_Excerpted records_

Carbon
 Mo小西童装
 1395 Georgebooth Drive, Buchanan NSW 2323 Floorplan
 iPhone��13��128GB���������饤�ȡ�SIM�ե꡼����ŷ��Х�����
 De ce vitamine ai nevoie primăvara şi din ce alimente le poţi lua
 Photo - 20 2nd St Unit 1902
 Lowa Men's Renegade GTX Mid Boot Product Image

_What you will do_
Each record is to be given again in full, exactly as it reads.

_Response to this task_
Carbon
 Mo小西童装
 1395 Georgebooth Drive, Buchanan NSW 2323 Floorplan
 iPhone��13��128GB���������饤�ȡ�SIM�ե꡼����ŷ��Х�����
 De ce vitamine ai nevoie primăvara şi din ce alimente le poţi lua
 Photo - 20 2nd St Unit 1902
 Lowa Men's Renegade GTX Mid Boot Product Image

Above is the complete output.